В. Безгин, «За что и как крестьяне бранили царя (по материалам следственных дел конца XIX – начала XX века)»
Произнося это, говорящий сопровождал свои сетования «скверной бранью в отношении императора».
Конечно, земельный вопрос был чувствительным для русского крестьянина, как, впрочем, и военные неудачи. Однако в конце XIX века в резких высказываниях в адрес царя все же сохранялась минимальная доля почтения — его именовали «государь».
Если читать полицейские отчеты об оскорблениях самодержца, зарегистрированные накануне революции, можно заметить, что от авторитета императора остались одни клочья: неэффективность государственного аппарата и потери в Русско-японской и Первой мировой войнах свергли Николая II в умах его подданных еще до того, как это фактически сделали большевики.

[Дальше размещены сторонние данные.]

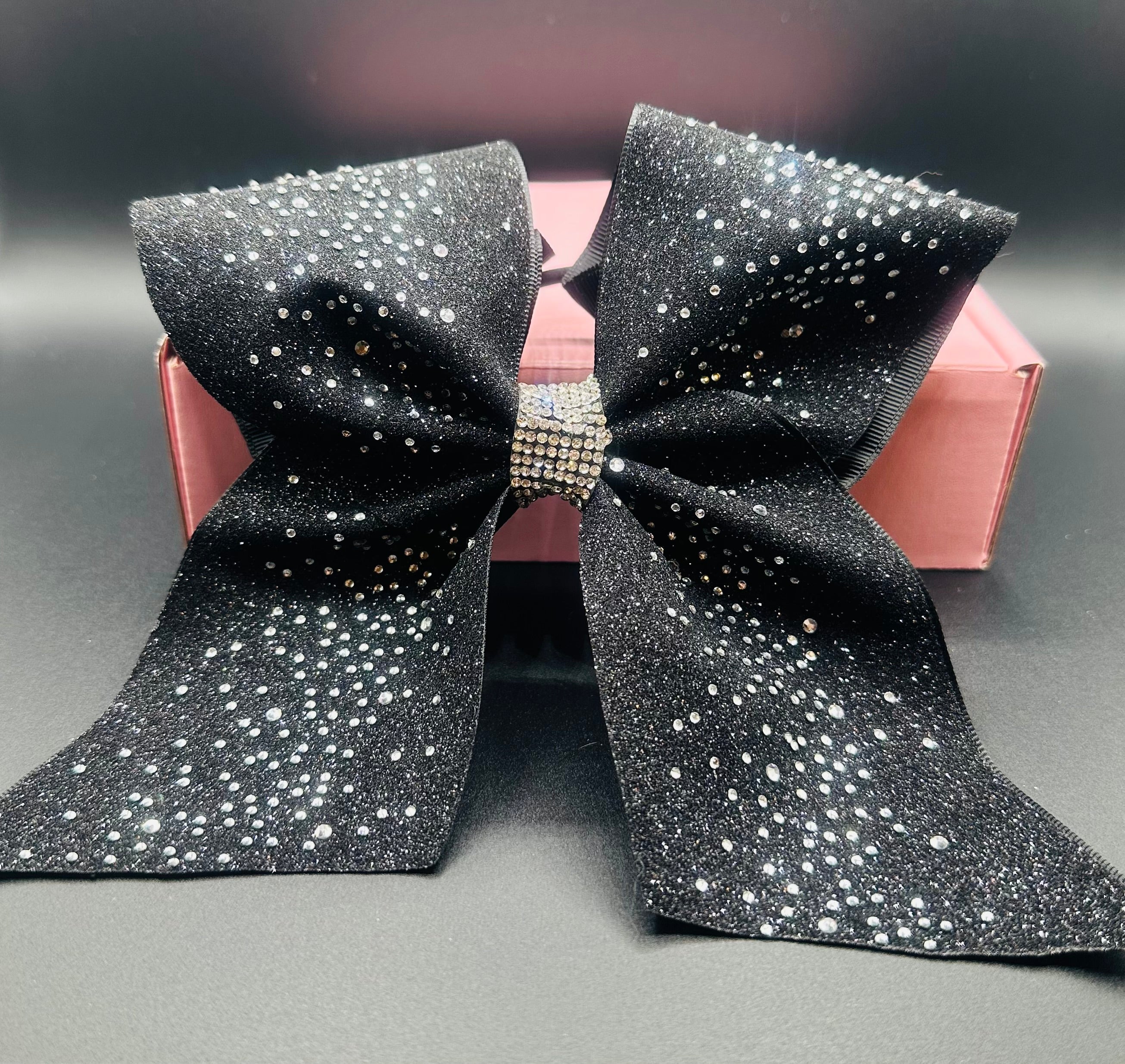 Kelli - Glittery Black with Rhinestones Cheer Bow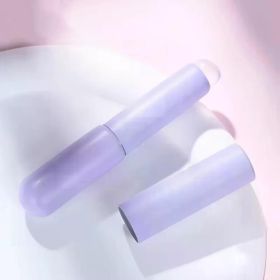 Q Soft Silicone Lip Brush With Dust Proof Cover Round Head Lipstick Applicator Lip Cosmetic Tool Multi-use Eyeshadow Brush (Handle Color: A-Purple)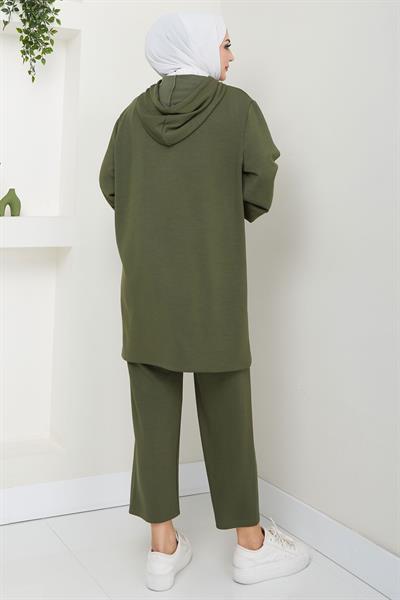 Arma Detaylı Kapüşonlu İkili Takım Haki HM2654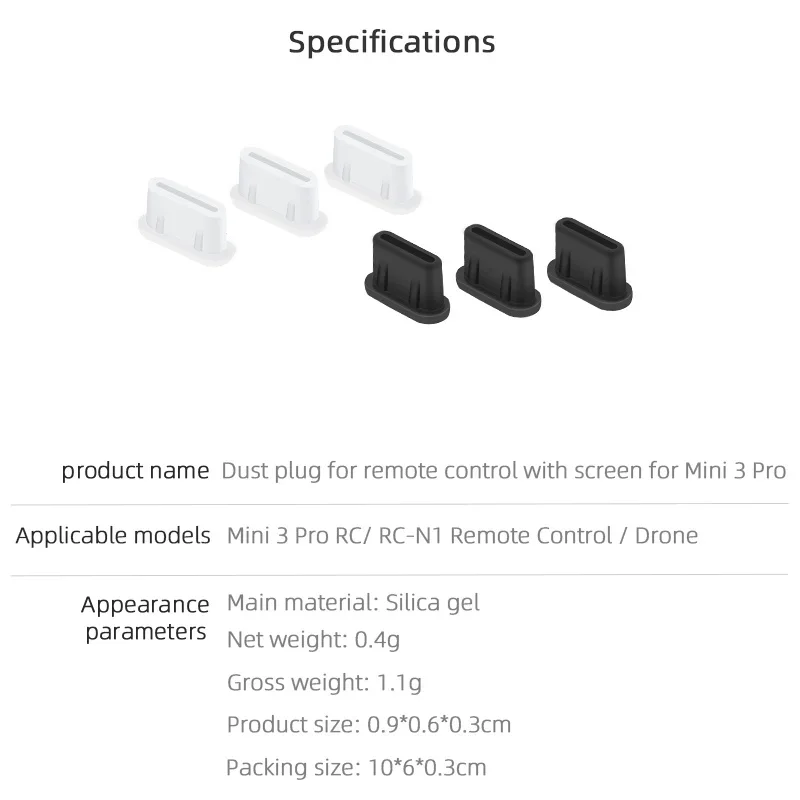 Type-C Anti-Dust Plugs, Silicone Cover & Anti-Lost Stopper for DJI Mini 3 Pro & All Type-C Devices Charging Ports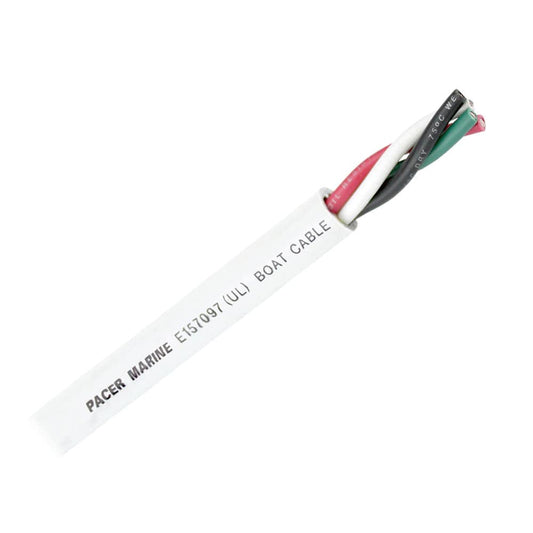 Pacer Round 4 Conductor Cable - 100 - 16/4 AWG - Black, Green, Red  White [WR16/4-100] - Twin Screws Marine Service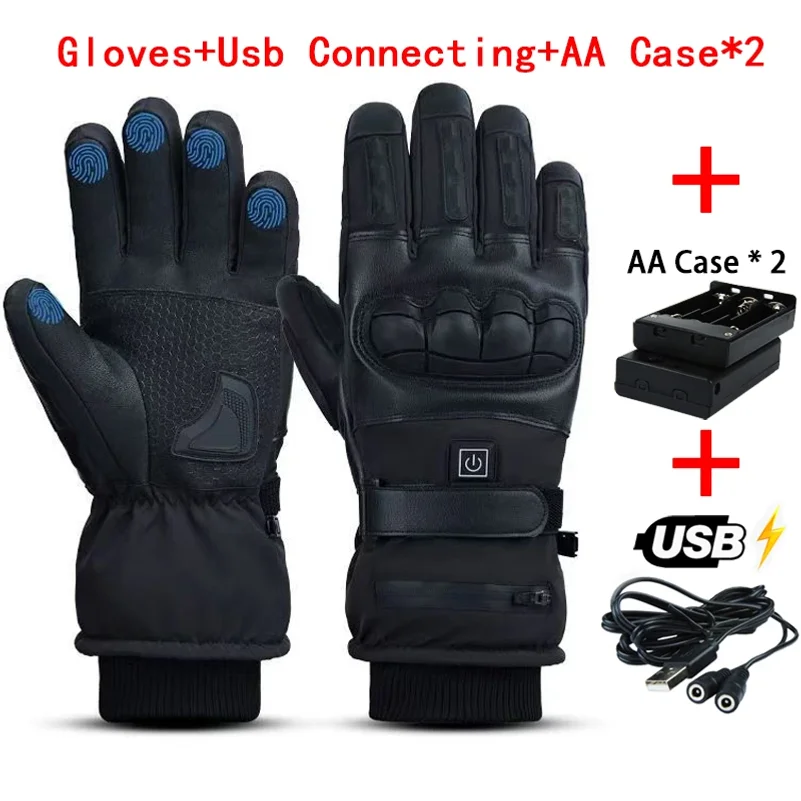 Heated Ski Gloves Battery Waterproof - ถุงมือให้ความร้อน ถุงมืออุ่นมือไฟฟ้า ถุงมือกันน้ำสำหรับเล่นสโนว์บอร์ด ปั่นจักรยาน ขี่มอเตอร์ไซค์ เล่นสกี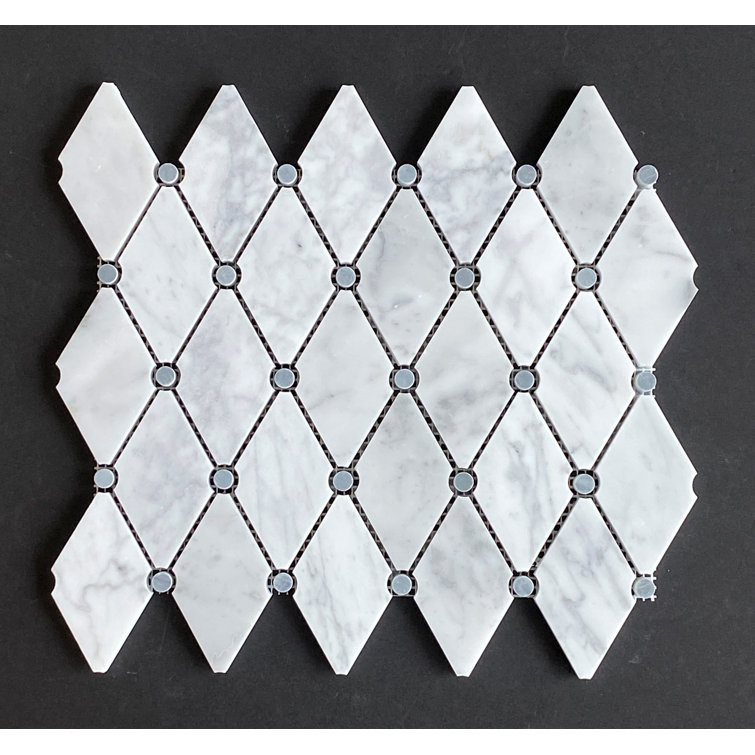 White Carrara and Dark Gray Marble Mosaic Tile Sheet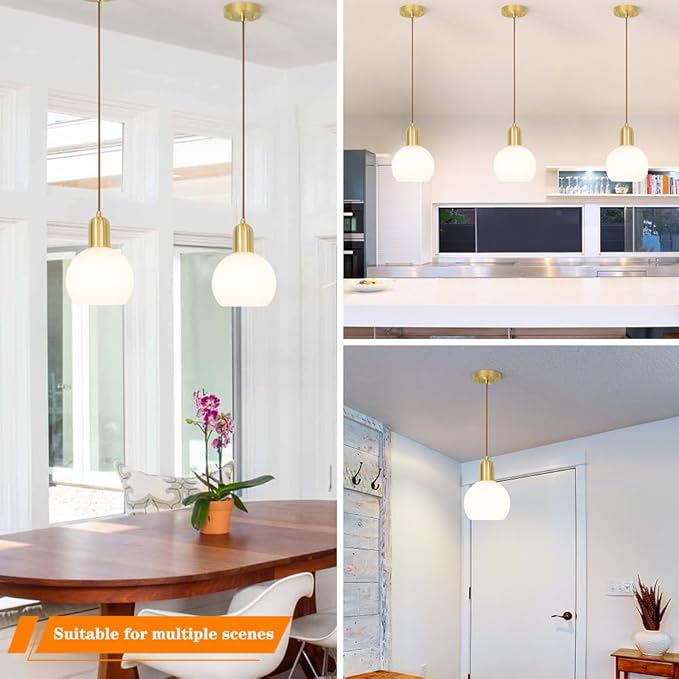 Mid Century Pendant Light with White Striped Glass, Ribbed Pendant Lighting, Brass Gold Kitchen Island Light, Globe Pendant Light Fixture, Adjustable Hanging Light for Barthroom Dining Room Hallway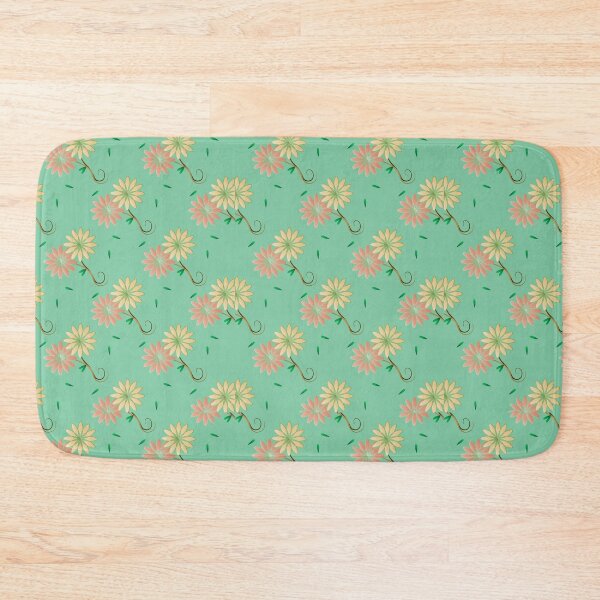 Item preview, Flower pattern on aquamarine background designed and sold by mcb-jp.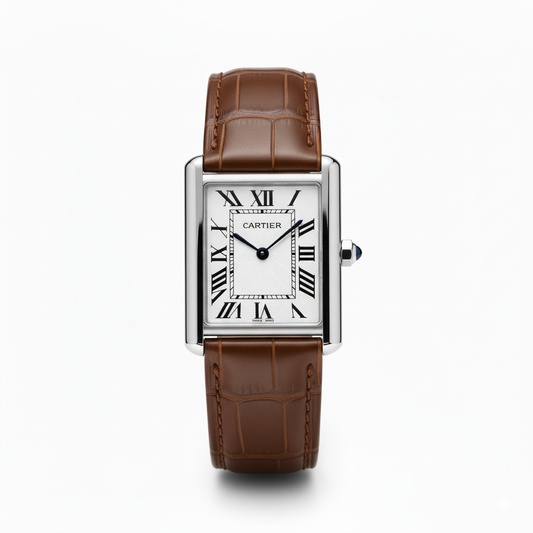 Cartier Tank-Watch with Steel Case and Brown Alligator Strap - Mirror (Copy)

Вот что заявил крестьянин из деревни Абакумовки Тамбовского уезда Петр Тимофеев во время ссоры со своими односельчанином, отставным солдатом Федором Нечаевым:
Ты дурак, а не защитник, и служил дураку царю Николашке…[Царь] почти уж продал всю Россию, продал Варшаву и Польский край; за это бы нужно вначале повесить его <…> а уж потом повесить всех вас вояк, <…> вашу мать, чтоб вы не продавали Россию.
В. Безгин, «За что и как крестьяне бранили царя (по материалам следственных дел конца XIX – начала XX века)»
Эти слова выявляют три значительные трещины, которые совсем скоро разрушат монолит императорской власти: государь больше не гарантировал благополучие страны — «продал всю Россию», потерял свой священный статус неприкосновенной особы, став «Николашкой» и «дураком», окружил себя такими же неугодными соратниками, которые предали свой народ — «повесить всех вас вояк».
Вполне возможно, что такая смелость обуславливалась и гуманистическими настроениями Николая II. Как правило, полиция решала подобные дела не «лишением живота», как при Петре, а кратковременным тюремным заключением, срок которого зависел от того, насколько был пьян оскорбляющий, признавал ли вину и раскаивался ли в сказанном.